Yesterday we published a list of lists of just about everything that happened on this blog in 2019. But which of these posts did readers care most about? Today, as promised, we give you the year’s top ten blog posts.

Five of our most-visited blog posts in 2019 were published in 2018, and several were also on last year’s top ten list (noted by *).

  1. Kubernetes Ingress with AWS ALB Ingress Controller – Nov 20, 2018. This post, originally by Nishi Davidson and Yang Yang, has now been updated to reflect new best practices in container security since we launched native least-privileges support at the pod level, and the instructions have been updated for the latest controller version.
  2. Keeping Open Source Open – Open Distro for Elasticsearch – Mar 11, 2019. Adrian Cockcroft laid out the reasons for our active participation in open source communities, and specifically why we created Open Distro for Elasticsearch.
  3. Announcing PartiQL: One query language for all your data – August 1, 2019. Yannis Papakonstantinou, Almann Goo, Brad Ruppert, Jon Wilsdon, and Prasad Varakur announced a new SQL-compatible query language that makes it easy to efficiently query data, regardless of where or in what format it is stored.
  4. Introducing Amazon Corretto, a No-Cost Distribution of OpenJDK with Long-Term Support* – Arun Gupta, Nov 14, 2018. This post was #1 in 2018, and Corretto continues to be a popular topic.
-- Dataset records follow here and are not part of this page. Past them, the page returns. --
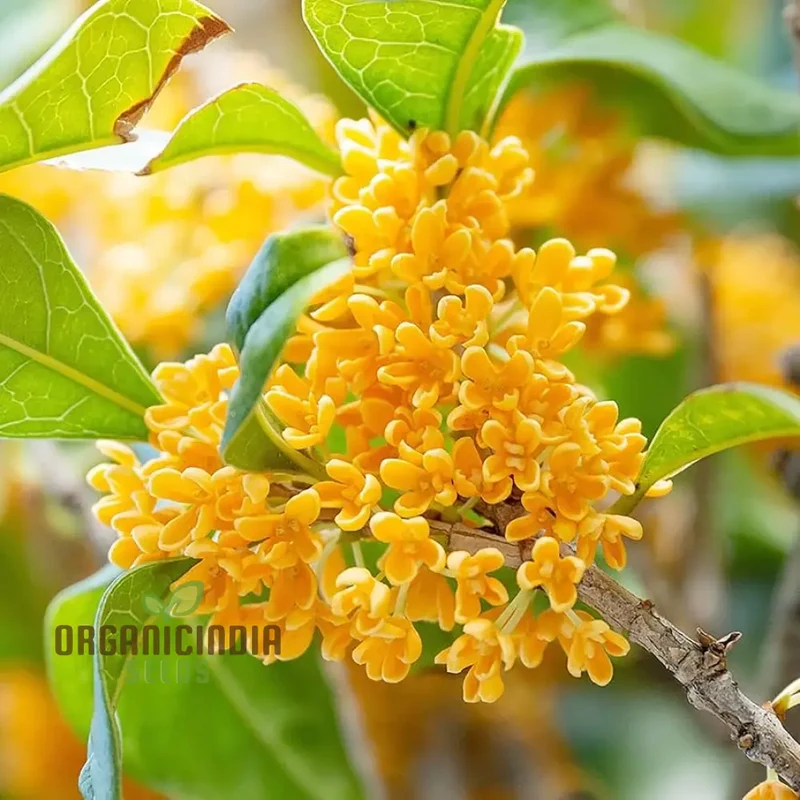 Perennial Osmanthus Fragrans Seeds for Planting, Premium High-Quality Flower Seeds for Your Garden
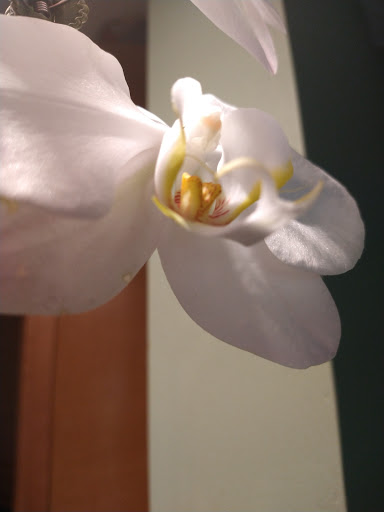 Florist «Victoria Park Flower Studio», reviews and photos, 901 NE 20th Ave, Fort Lauderdale, FL 33304, USA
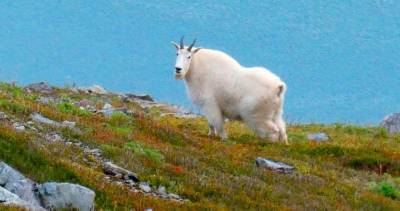‘Exceedingly rare’ mountain goat attack leaves grizzly bear dead in B.C. park - globalnews.ca - Britain - Canada - county Park - city Columbia, Britain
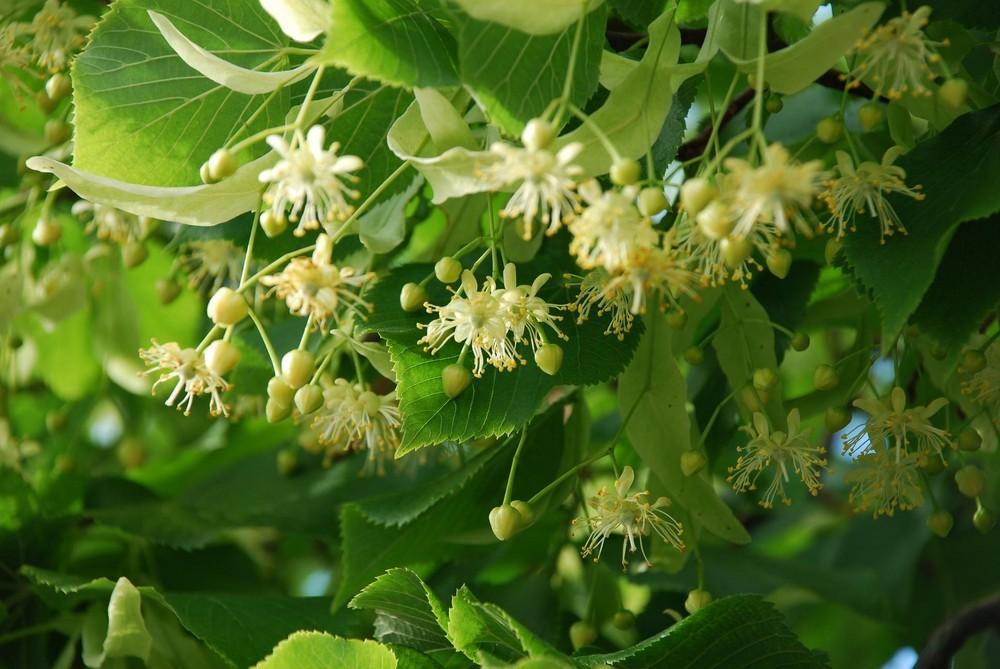 Silver lime 3.00 - 4.00 m Tilia hybrida Argentea"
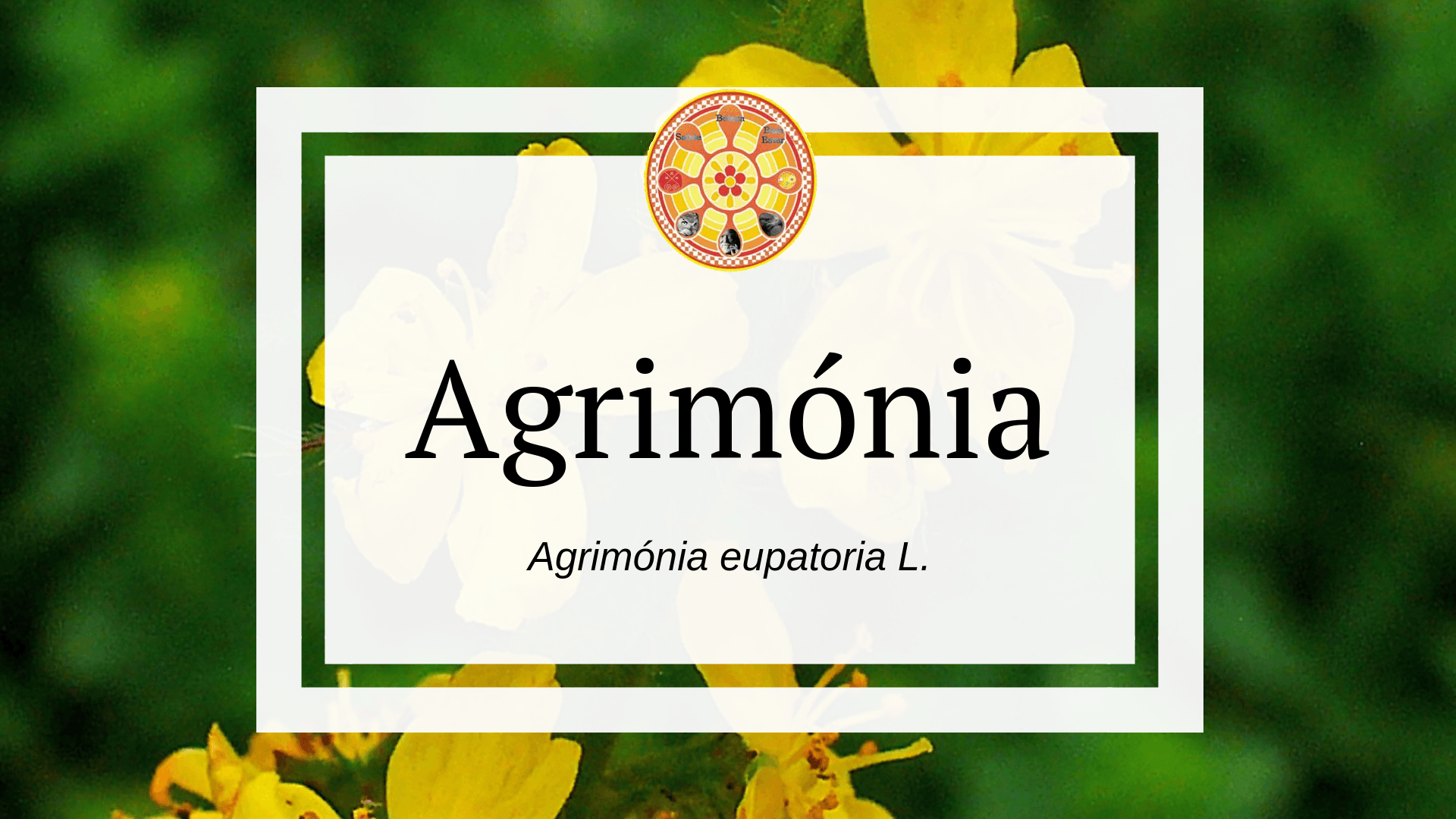 Agrimónia eupatoria L.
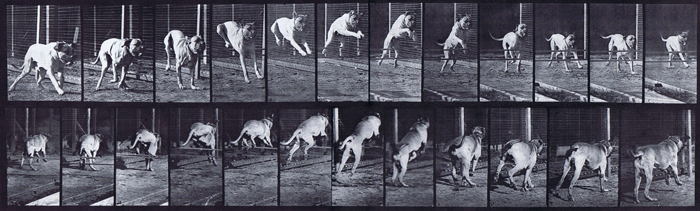 Front three-quarter, and rear three-quarter view of dog jumping over a hurdle animation reference using muybridge plate 712 from animal locomotion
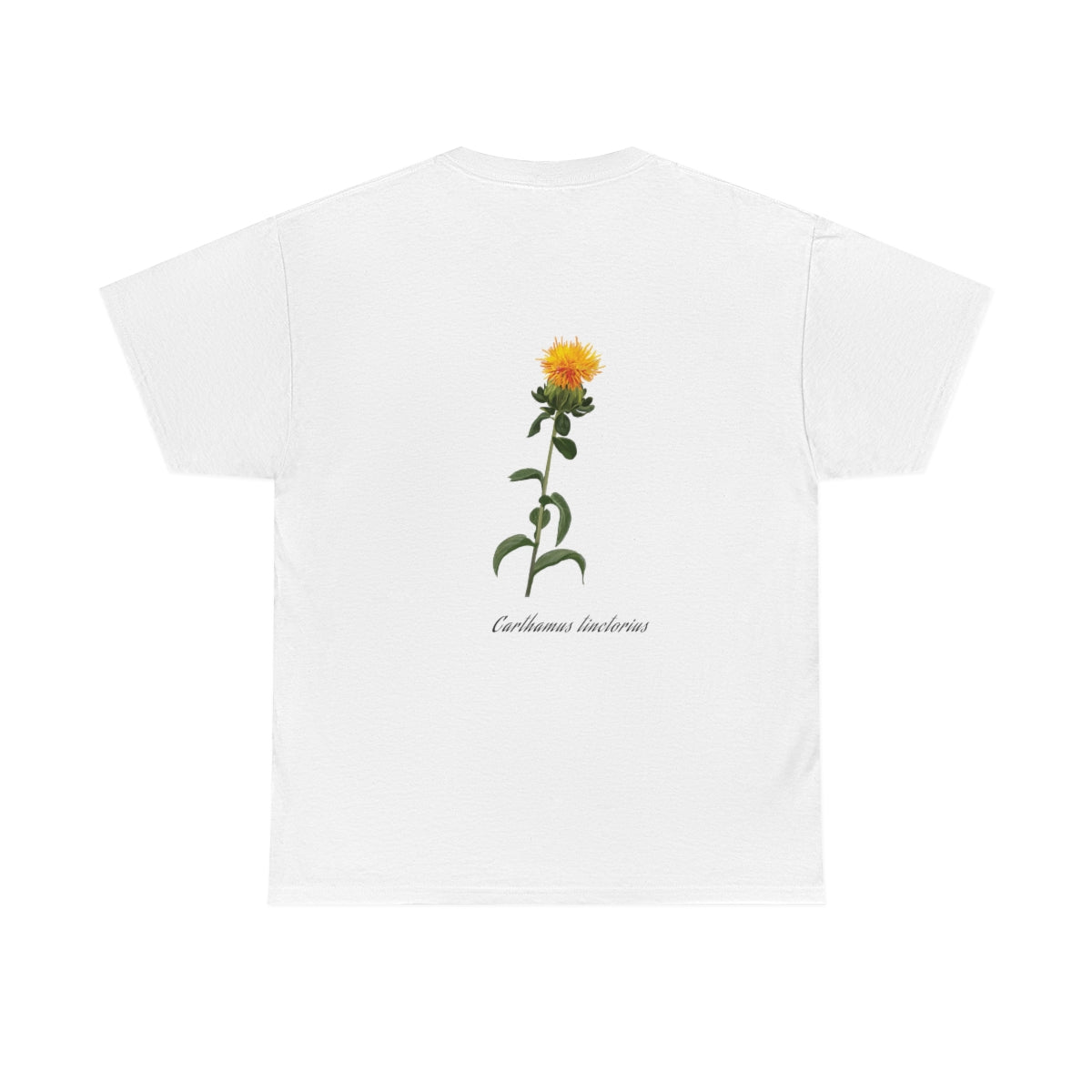 Safflower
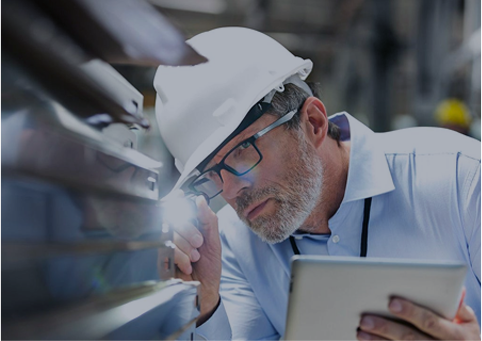 Equipo sénior de investigación y desarrollo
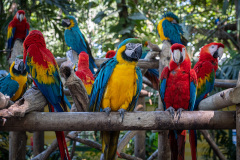 Winter-2020-Cruise-22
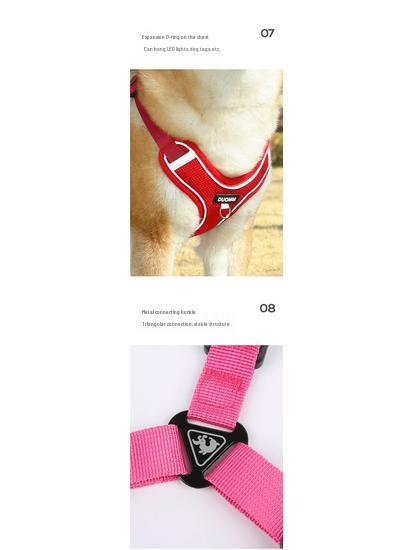 Harnais Gilet Respirant Réglable & Laisse pour Chiens de Petite à Moyenne Taille - Sans Rembourrage, Sans Étranglement, Idéal pour les Shiba Inus & Bouledogues Français
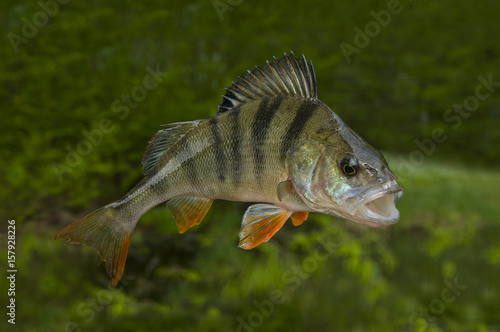 Fishing background with perch fish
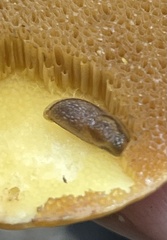 Arion hortensis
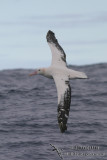 Wandering Albatross 4255.jpg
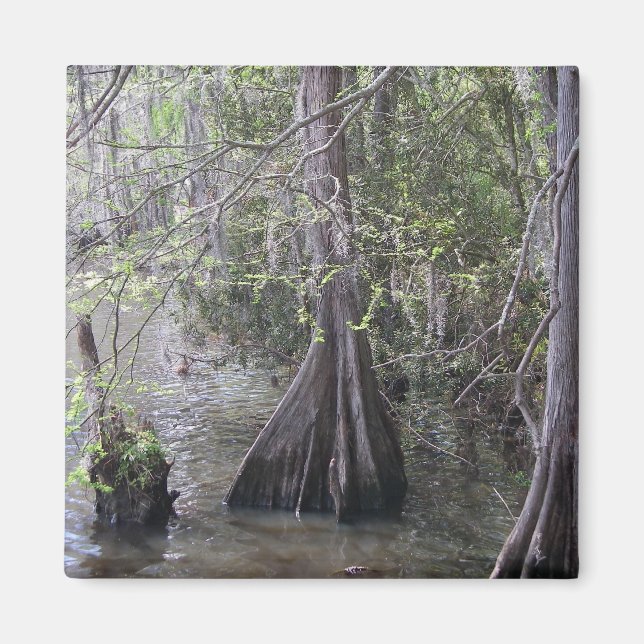 Magnet Cypress Trees (Devant)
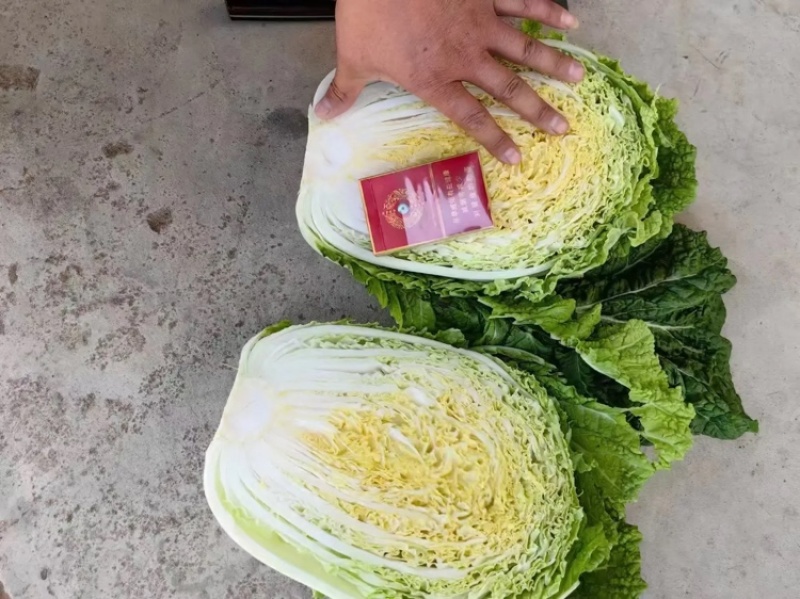 黄心白菜大量上市，一手货品质量保证视频看货价格便宜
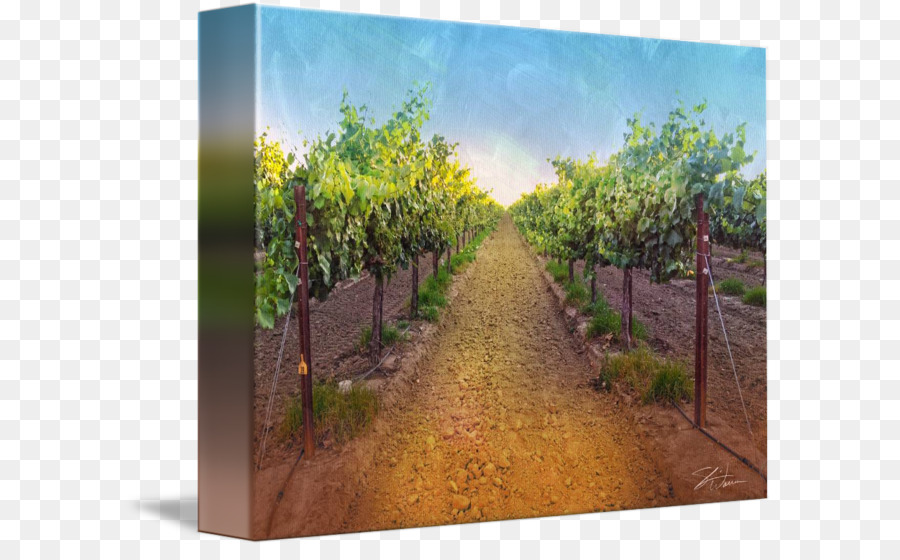 900x560 Pinot Noir Wine Acrylic Paint Printing Canvas Print - Pinot Noir Painting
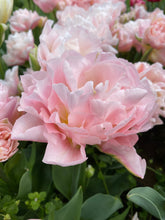 Načíst obrázek do prohlížeče Galerie, Tulipán - "Dreamer", 5ks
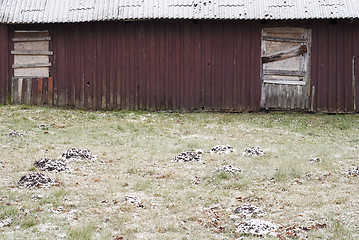 Image showing Mole mounds near the old wooden shed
We recently announced New update channels for Amazon Corretto releases.
  5. Continuous Delivery with Amazon EKS and Jenkins X – Nov 7, 2018. This guest post by Henryk Konsek of Capsilon Corp is an example of another popular category of posts, about CI/CD (hit that link for more!). (April 2020: The post has been removed because it covers features that have now been deprecated.)
  6. Introducing Fine-Grained IAM Roles for Service Accounts – Sept 4, 2019. Micah Hausler and Michael Hausenblas introduced an in-demand feature for Amazon EKS.
  7. AWS’ Sponsorship of the Rust Project – Oct 14, 2019. David Barsky, Arun Gupta, and Jacob Peddicord announced a sponsorship that the Rust community was evidently very happy about.
  8. Using a Network Load Balancer with the NGINX Ingress Controller on EKS – Aug 9, 2019. Ingress controllers are a hot topic. In this post, Cornell Anthony covered how to use an NGINX ingress controller on Amazon EKS, and how to front-face it with a Network Load Balancer (NLB).
  9. Getting Started with Istio on Amazon EKS *– Aug 24, 2018. This guest post by Matt Turner of Native Wave has been updated a couple of times since publication, as noted in the post. If you have questions/comments, Matt now requests that you post them on the Istio project directly.
  10. Running APIs Written in Java on AWS Lambda* – Stefano Buliani, Feb 28, 2018. Stefano announced the 1.0 release of our aws-serverless-java-container framework, and demonstrated how to build a Jersey application with it.

We’re always happy to have guest posts about open source projects that run on / extend / improve the customer experience of AWS, as well as posts from customers using Amazon open source projects. If you have a post to propose, please get in touch via the comments or @AWSOpen on Twitter.

Deirdré Straughan

Deirdré Straughan

Deirdré has been communicating about technology, and helping others to do so, for 30 years. She has written one book (so far); edited two more (so far); produced and delivered technical training; produced hundreds of videos and live streams of technical talks; written, edited, and managed blogs; and managed events. She has been applying this skill set to cloud computing since 2010, and to open source for even longer. She joined AWS in 2017. You can find her at @deirdres on Twitter.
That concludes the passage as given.